Question: Knowing what we know about the adolescent brain and the times of day when the brain is ready to learn, why are we still scheduling schools days as if no research on this existed?
Silva: Scheduling logistics (namely bus schedules) play a role, as do the work and family obligations of many adolescent students. Participation in athletics—with perceived higher stakes at the high school level—also keeps the teenage school schedule starting early and ending with time for practice. But, while some of these are practical reasons, your point is a good one. There is research to suggest that teenagers’ sleep patterns are in conflict with the early start times of high schools. I’d be interested in any large-scale surveys on what students themselves think. I worked in a school in Oakland, Calif., in the 1990s that surveyed its students on this question, and the students said they wouldn’t give up early dismissal for later start times.
Question: What are the report’s recommendations you would most like other principals to know and act upon?
Hould: First, we must help prepare young people to be responsible citizens.

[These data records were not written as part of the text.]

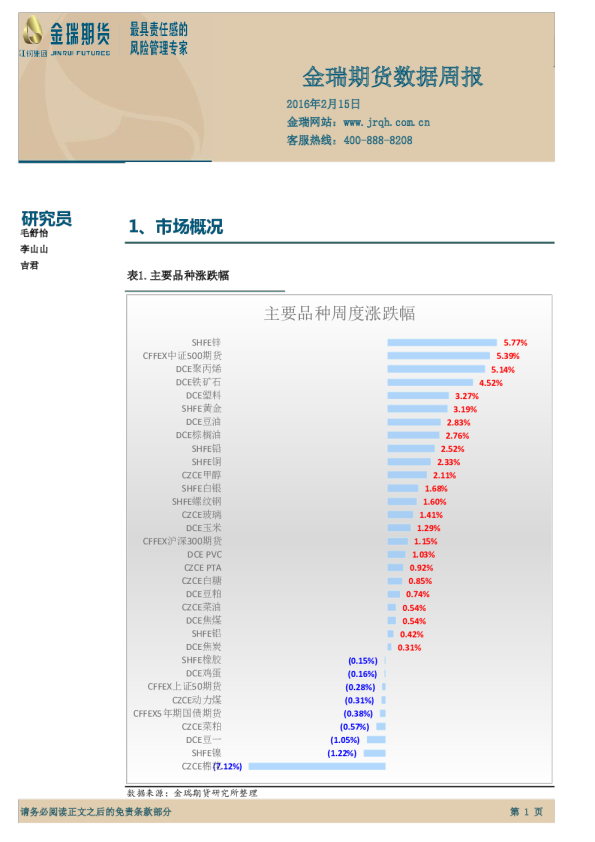 数据周报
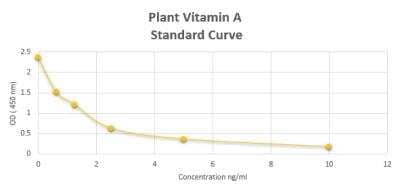 ELISA: Plant Vitamin A ELISA Kit (Colorimetric) [NBP2-60193]
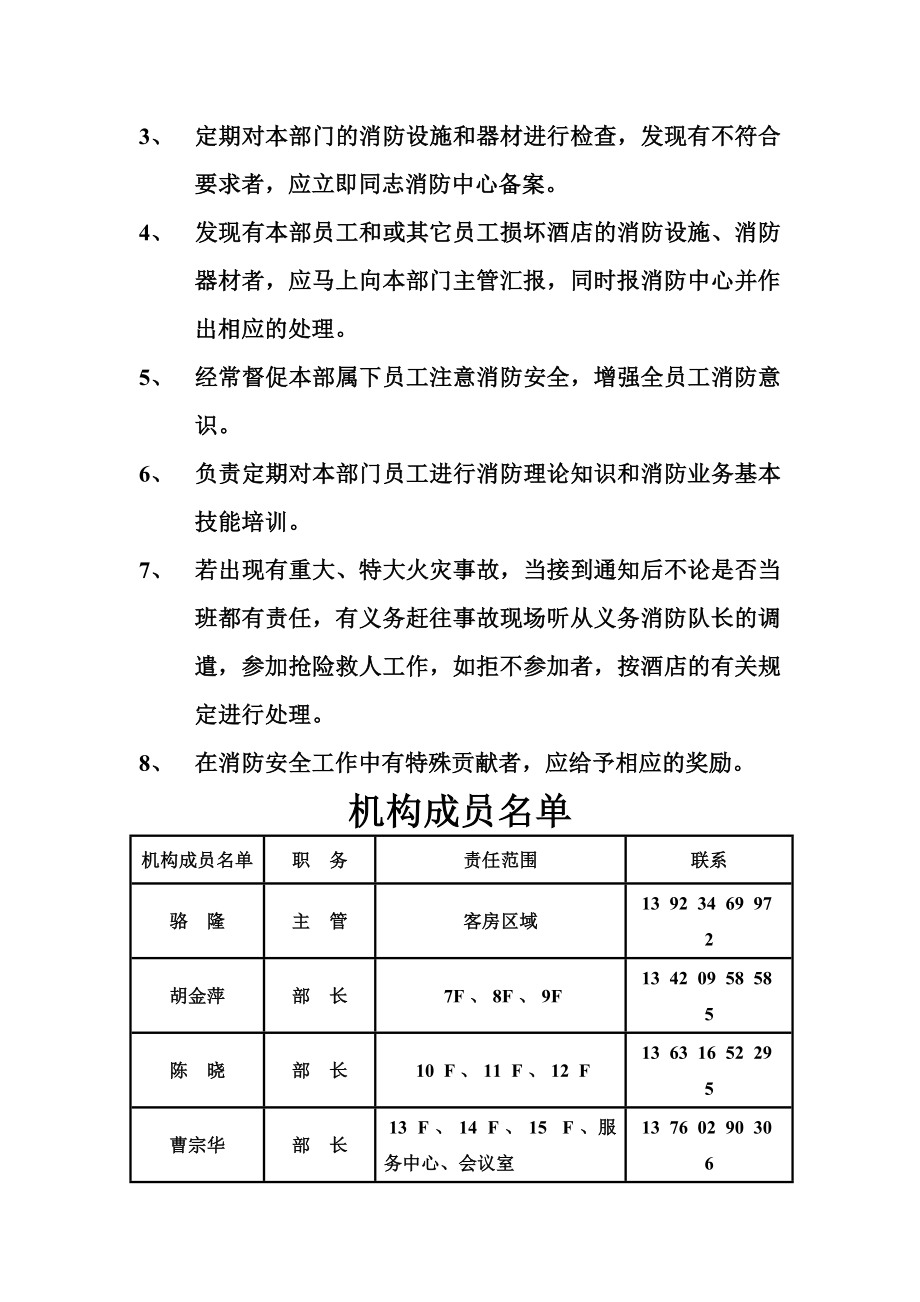 某酒店消防管理规划预案_第4页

The notion of the schoolhouse needs to be flexible, as students explore ways to engage with the human and other resources within the greater community. Service-learning is an example of a viable method of providing opportunities for this engagement, tapping outside resources, and creating a flexible school environment.
Second, the report highlights the significance of workplace- and college-readiness skills, such as problem-solving, reliability, and teamwork. Schools must stand ready to prepare young people for a future in which these skills will be key to success.
Finally, schools must, as the report says, “build new collaborative structures across sectors in communities and up and down government hierarchies that focus all resources on supporting academic and developmental goals for children.” Principals can and should be models of the types of partnerships needed for all children to be able to feel success.